Upon my first impression, the movie seems quite silly. But under all the silliness of plastic surgery, rock'n'roll, fire hoses and sexual innuendo is a very intelligent satire of blatant commercialism and, yes, communism. (Chaplin himself claimed this was not a political film, but the attacks on McCarthyism and his own bitterness over his American exile are obvious.) His opinions on television and advertisements are venomous, which I adore. Despite being 53 years old, I agree with much of it; It still applies very much to our world dominated by commercialism.
The gags are very unlike most of Chaplin's other work, but I honestly laughed until I cried at many of them. Definitely much dirtier and spiteful than some of his other movies.
Chaplin was unable to use his usual crew and studios due to his being barred from the United States, where Chaplin Studios was located. Because of money restrictions, he was unable to do his usual routine of making movies: doing take after take until it was absolutely perfect. Every minute was money wasted.

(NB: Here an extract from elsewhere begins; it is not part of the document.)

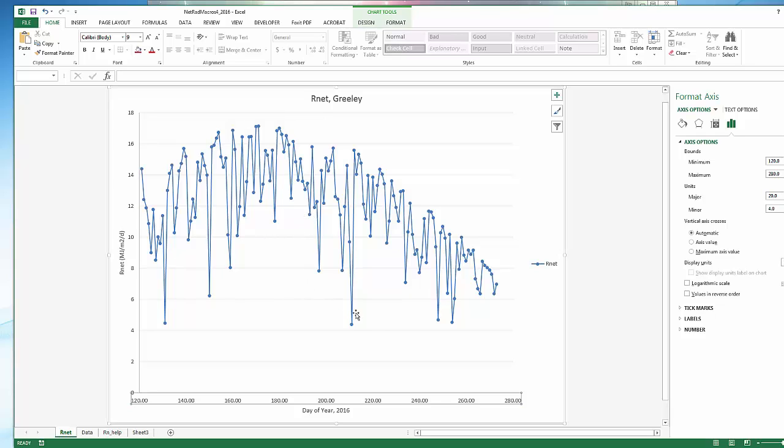From there, the next step is to use that net radiation data to calculate reference crop evapotranspiration.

The film was shot in 10 weeks, a record time for the (sometimes obsessively) perfectionist Chaplin. Because of this, the lighting is somewhat shotty, and the whole film could have benefited from a good editor. Occasionally the transitional scenes are a real slap in the face because of how abrupt they are.

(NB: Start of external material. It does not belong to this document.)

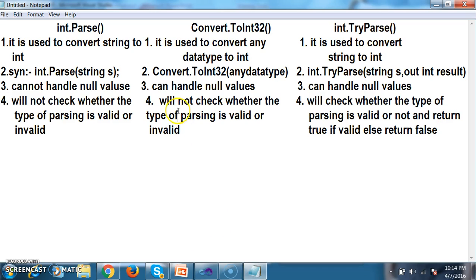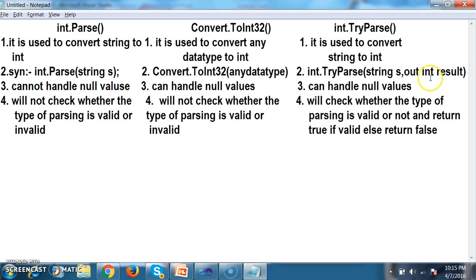So here are the basic differences: int.Parse converts string to int only. Convert.ToInt32 converts any data type to int. int.TryParse converts only string to int. int.Parse accepts only a string parameter. Convert.ToInt32 accepts any type as input. int.TryParse accepts a string and an out integer parameter and returns the converted integer as output via the out parameter.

An underrated Chaplin film. While it certainly doesn't rank among his best, it is an incredibly funny satirical comedy. It definitely has a bad reputation among Chaplin fans, but I was delighted to watch it and discover a funny and sometimes absolutely brilliant film.
(Because let's face it, saying it's the worst Chaplin film is like saying "This bacon isn't very good." It might not be AS good, but it's still delicious. Sorry for that analogy, it makes no sense. Perhaps if Chaplin had taken his name off the film it would be received better.)